● WHAT TO DO
Nothing but the records, transcribed exactly, should appear in the answer; leave the pictures out.

● SUPPLIED MATERIAL
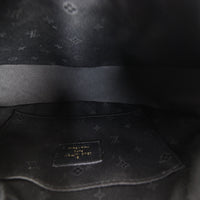 Louis Vuitton Over The Moon Bubblegram_IMG_2101.jpg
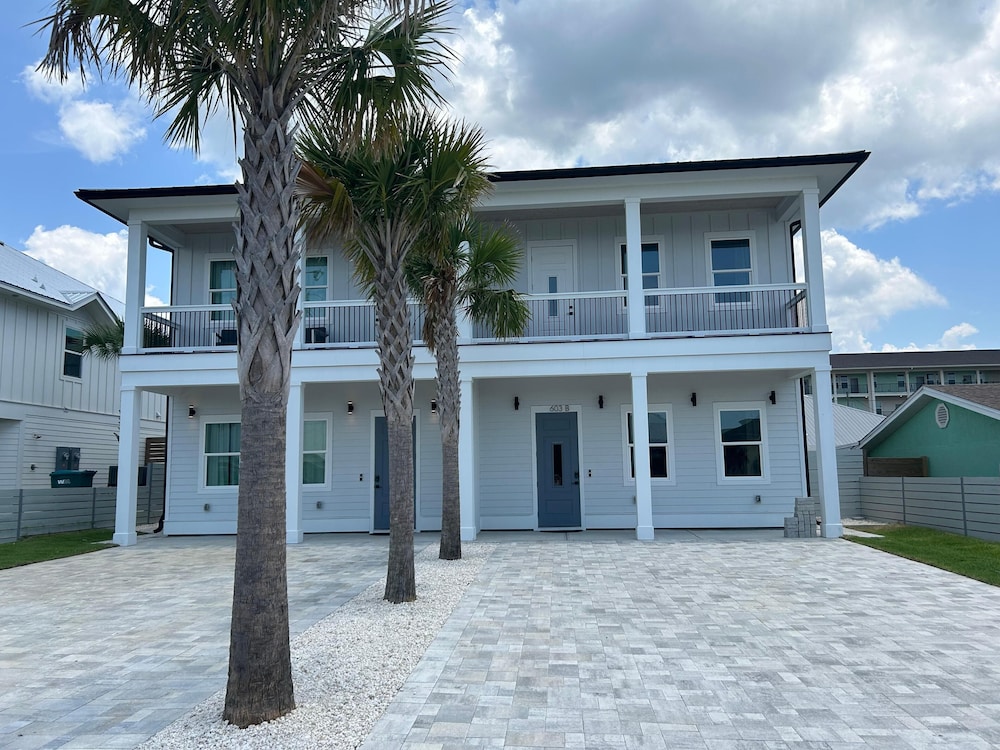 Evergreen By the Sea Unit B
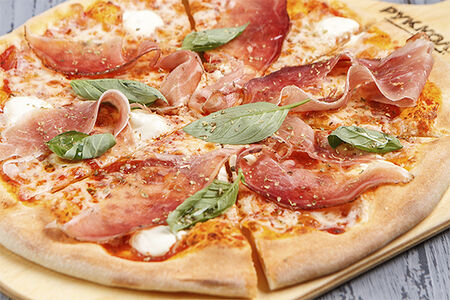 Пицца с пармской ветчиной и сливочным сыром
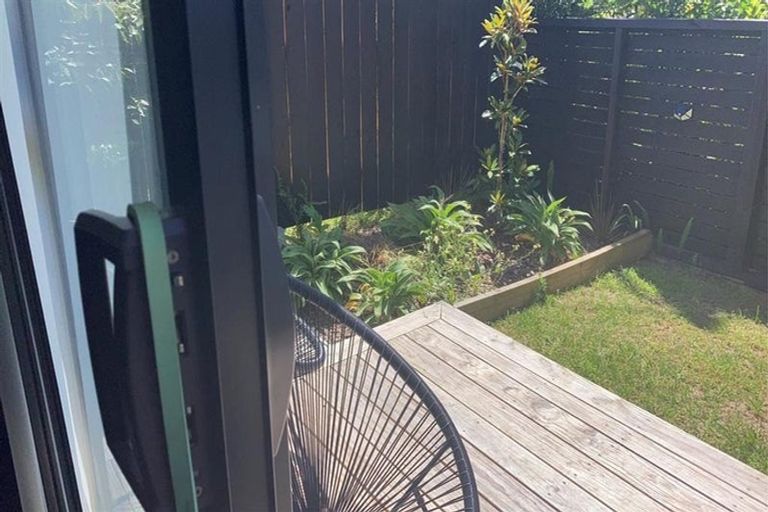 Photo of property in 2/28 Croydon Road, New Lynn, Auckland, 0600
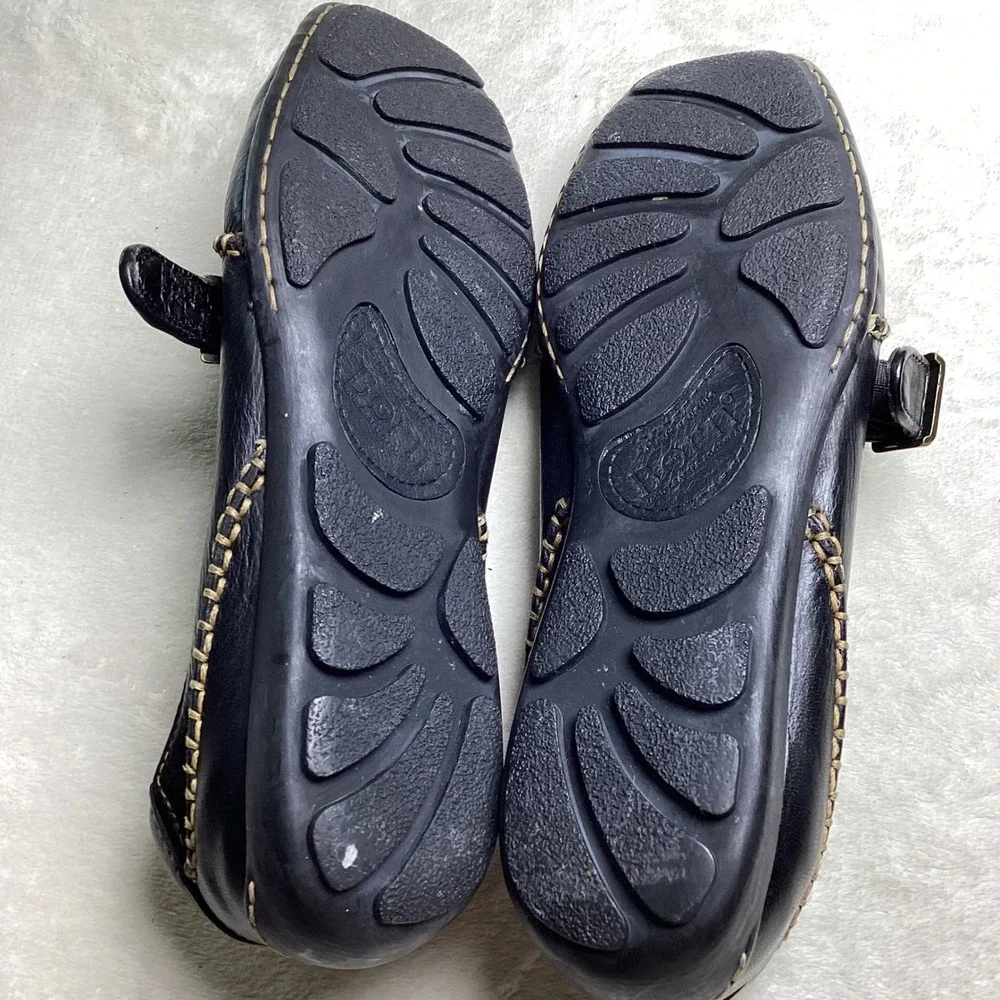 Born Black Leather Mary Jane Flats Size 7 Whipstitch Comfort Shoes Gorpcore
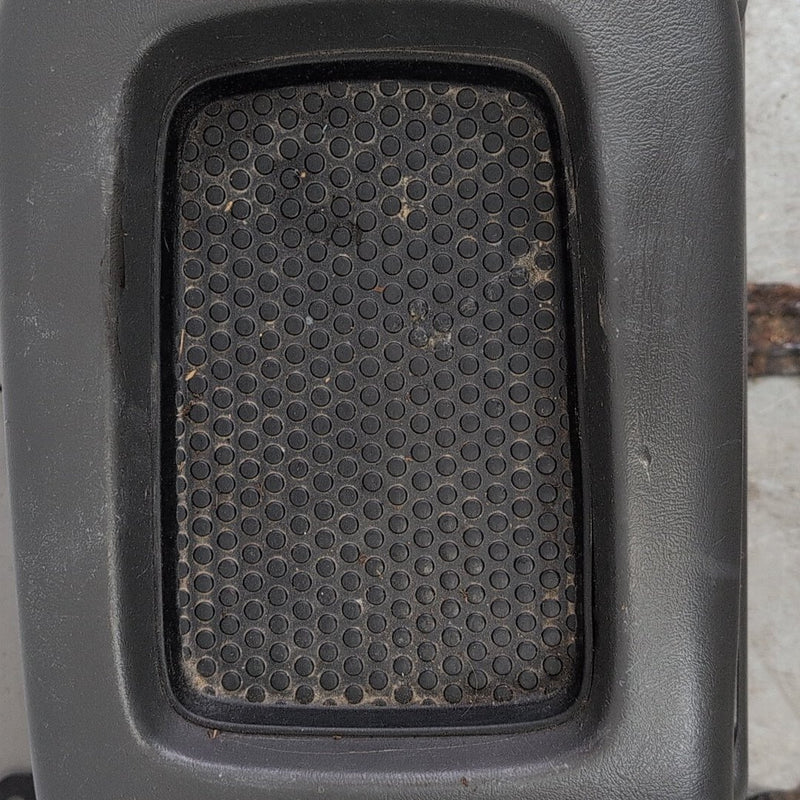 2003-2006 Chevy Tahoe Suburban Center Console Assembly Black OEM Rear Audio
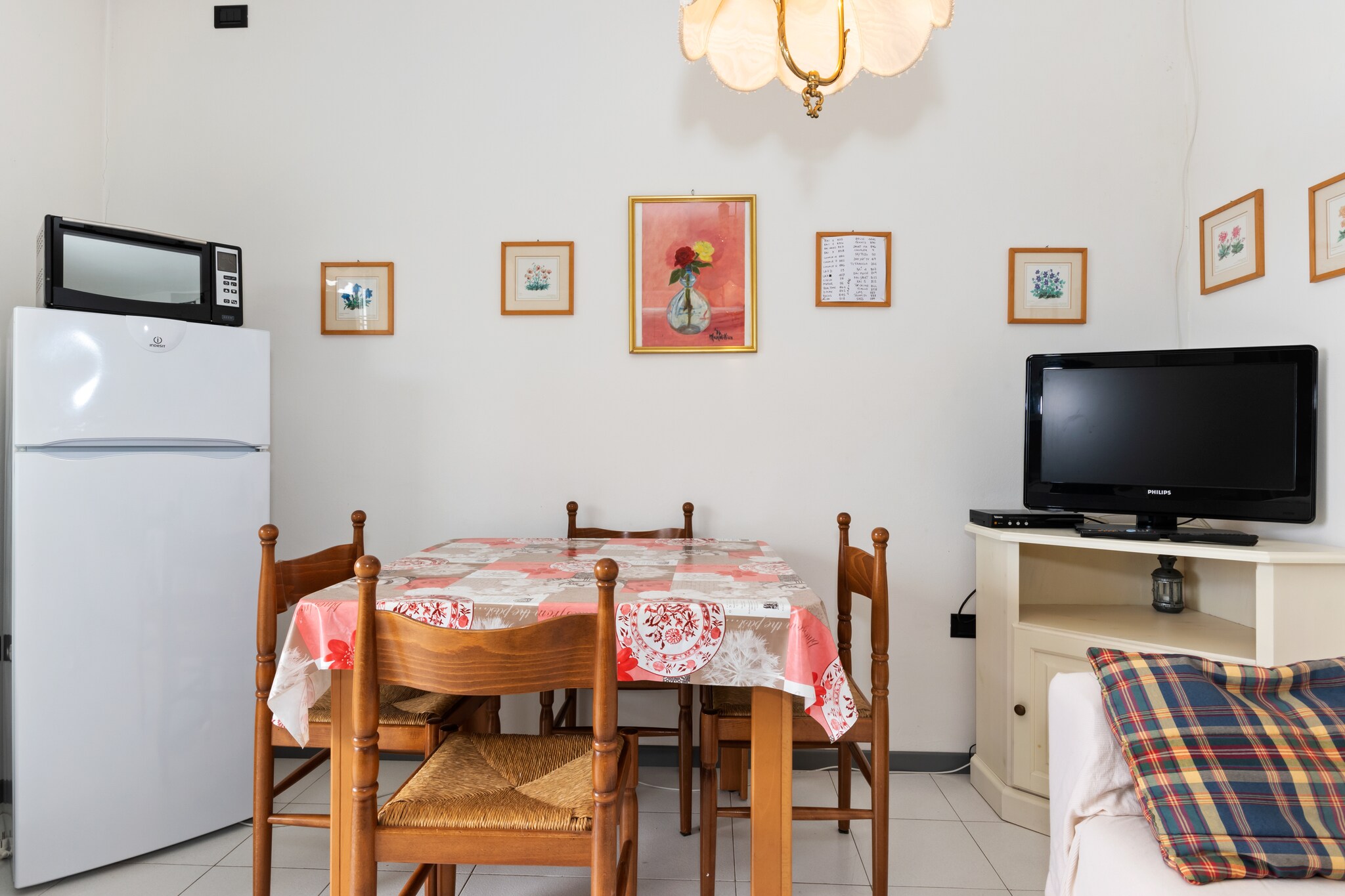 On the 1st floor: (Living room(double sofa bed, TV(satellite), balcony, garden furniture), open kitchen(dishwasher), bedroom(double bed), bathroom(shower, washbasin, toilet, bidet), washing machine, heating(central, gas), air conditioning)\n\ngarage, garden(shared with other guests), garden furniture, swimming pool(shared with other guests, 12 x  7 m., opened from 1/2 May upto and including 1/2 Sep)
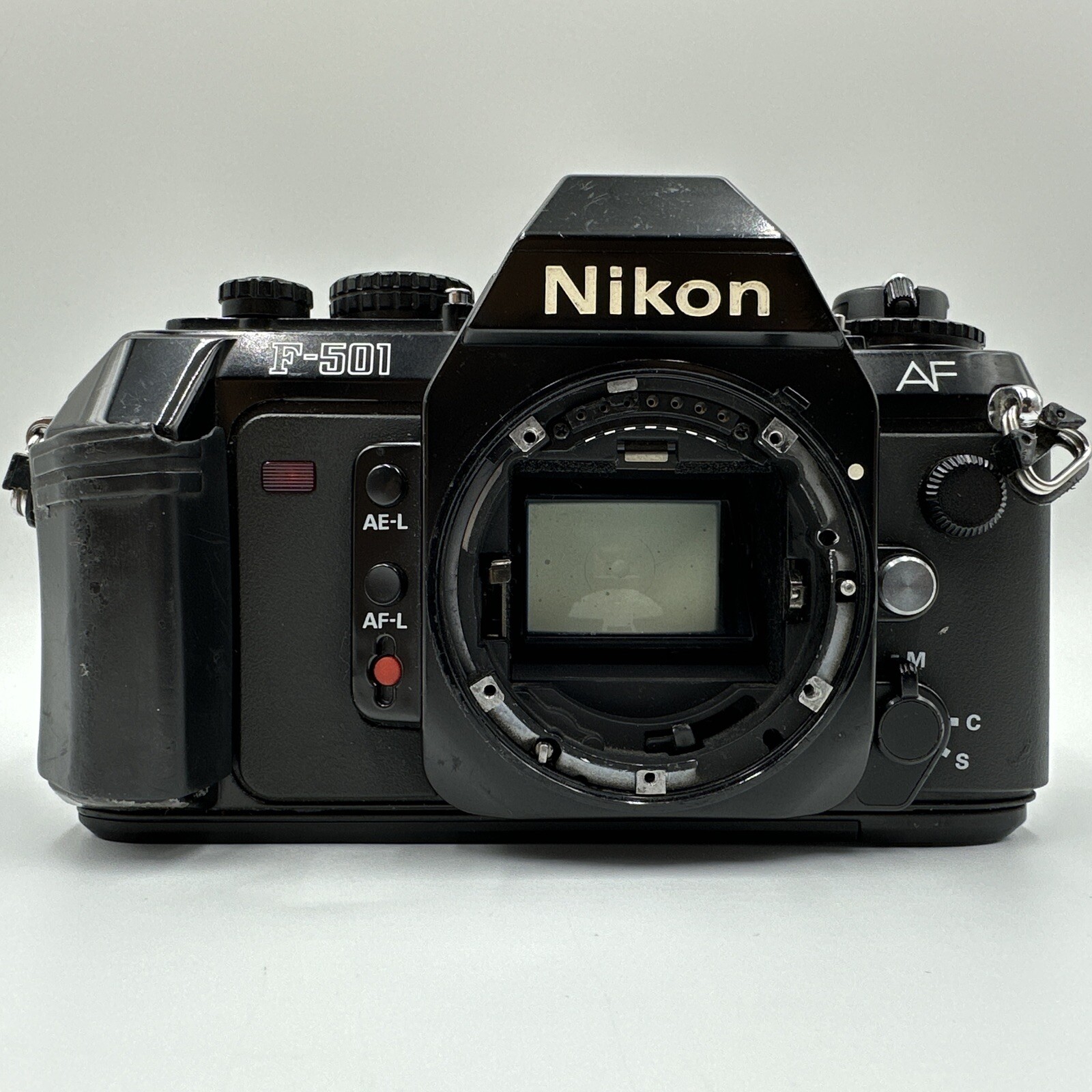 Nikon F501 35MM SLR Film Camera • PARTS/REPAIRS eBay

● ANSWER BELOW
 Louis Vuitton Over The Moon Bubblegram_IMG_2101.jpg
 Evergreen By the Sea Unit B
 Пицца с пармской ветчиной и сливочным сыром
 Photo of property in 2/28 Croydon Road, New Lynn, Auckland, 0600
 Born Black Leather Mary Jane Flats Size 7 Whipstitch Comfort Shoes Gorpcore
 2003-2006 Chevy Tahoe Suburban Center Console Assembly Black OEM Rear Audio
 On the 1st floor: (Living room(double sofa bed, TV(satellite), balcony, garden furniture), open kitchen(dishwasher), bedroom(double bed), bathroom(shower, washbasin, toilet, bidet), washing machine, heating(central, gas), air conditioning)\n\ngarage, garden(shared with other guests), garden furniture, swimming pool(shared with other guests, 12 x  7 m., opened from 1/2 May upto and including 1/2 Sep)
 Nikon F501 35MM SLR Film Camera • PARTS/REPAIRS eBay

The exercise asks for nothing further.